About this exercise » Your copy should repeat each record below exactly and contain no images.

(Beginning of Data section)

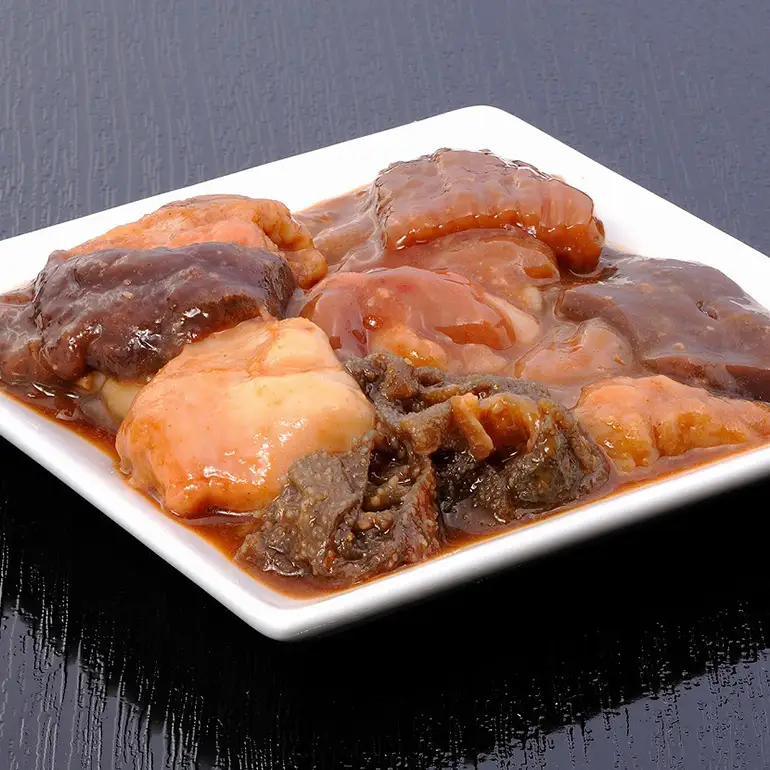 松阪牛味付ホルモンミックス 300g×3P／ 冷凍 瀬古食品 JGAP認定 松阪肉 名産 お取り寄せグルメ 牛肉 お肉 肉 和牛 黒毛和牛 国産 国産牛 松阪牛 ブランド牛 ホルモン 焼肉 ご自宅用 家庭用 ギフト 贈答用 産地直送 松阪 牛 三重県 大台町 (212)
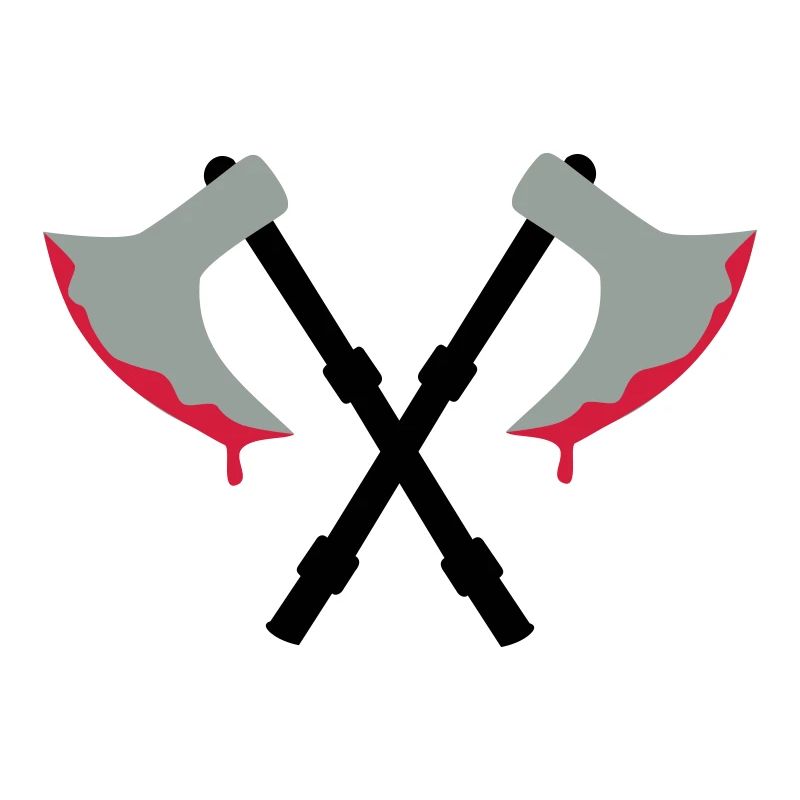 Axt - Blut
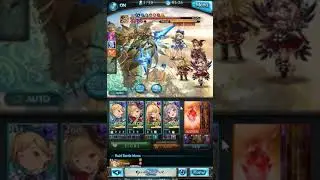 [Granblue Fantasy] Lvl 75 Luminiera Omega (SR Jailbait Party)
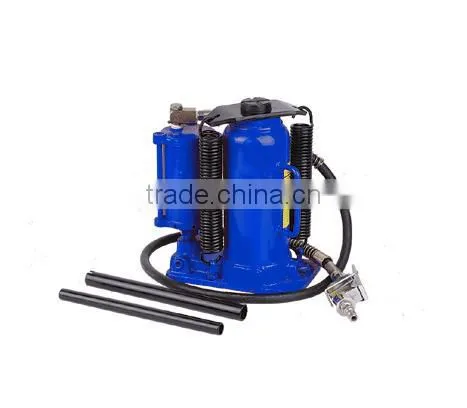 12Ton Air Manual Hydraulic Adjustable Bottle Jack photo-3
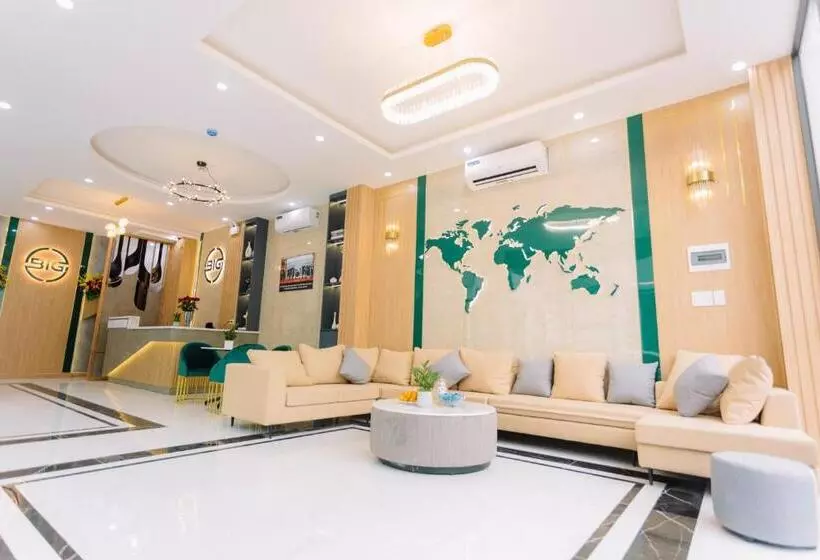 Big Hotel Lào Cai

(End of Data section)

Response below »
 松阪牛味付ホルモンミックス 300g×3P／ 冷凍 瀬古食品 JGAP認定 松阪肉 名産 お取り寄せグルメ 牛肉 お肉 肉 和牛 黒毛和牛 国産 国産牛 松阪牛 ブランド牛 ホルモン 焼肉 ご自宅用 家庭用 ギフト 贈答用 産地直送 松阪 牛 三重県 大台町 (212)
 Axt - Blut
 [Granblue Fantasy] Lvl 75 Luminiera Omega (SR Jailbait Party)
 12Ton Air Manual Hydraulic Adjustable Bottle Jack photo-3
 Big Hotel Lào Cai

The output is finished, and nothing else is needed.